M. Mark Muller, conseiller d'Etat. Le Conseil d'Etat accepte la demande de renvoi en commission...
Une voix. Ah ! (Brouhaha.)
M. Mark Muller. ... pour la simple et bonne raison que le sort de cette maison n'est pas encore définitivement arrêté. Un certain nombre de pistes sont actuellement à l'étude. L'une d'elles est le relogement des personnes qui habitent actuellement les baraquements de Prébois, près de l'aéroport, lieu où devrait être construit un airpark à brève échéance. Les baux de ces baraquements à Prébois ont été résiliés et nous cherchons activement à reloger ces personnes. Cette maison pourrait être une solution de relogement, ce qui permettrait ensuite à cet airpark de se réaliser. Vous voyez bien l'intérêt qu'il y a, en termes économiques, en termes d'emploi notamment, à construire cet ouvrage.

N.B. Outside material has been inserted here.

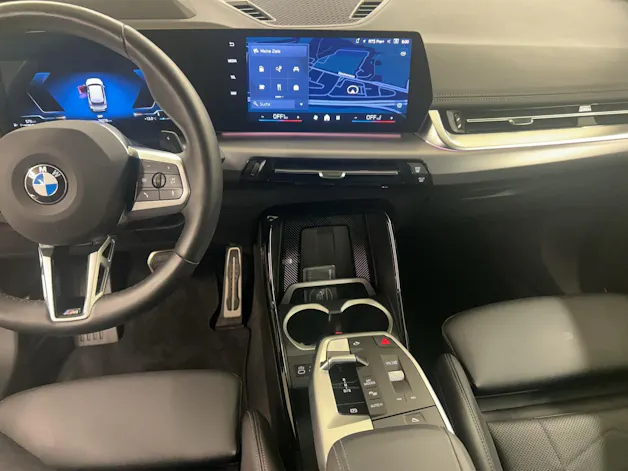 BMW X1 23i xDrive
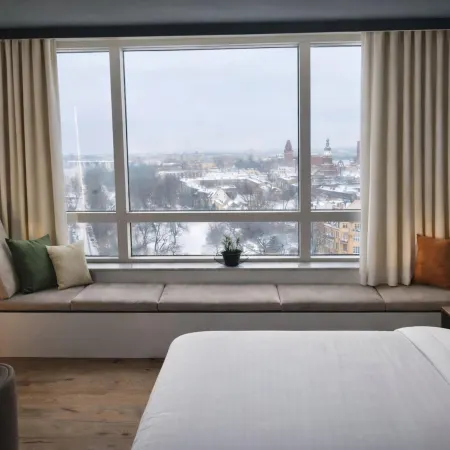 Holiday Inn Cottbus by IHG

Dans l'intervalle, on pourrait effectivement imaginer le logement temporaire et provisoire d'étudiants dans cette maison, mais il me paraît plus sage de renvoyer cette motion en commission, pour étudier la situation calmement et éviter de mettre le Conseil d'Etat sous pression avec cette motion.
Mis aux voix, le renvoi de la proposition de motion 1709 à la commission du logement est rejeté par 35 non contre 26 oui et 3 abstentions.
Mise aux voix, la motion 1709 est adoptée et renvoyée au Conseil d'Etat par 41 oui contre 25 non.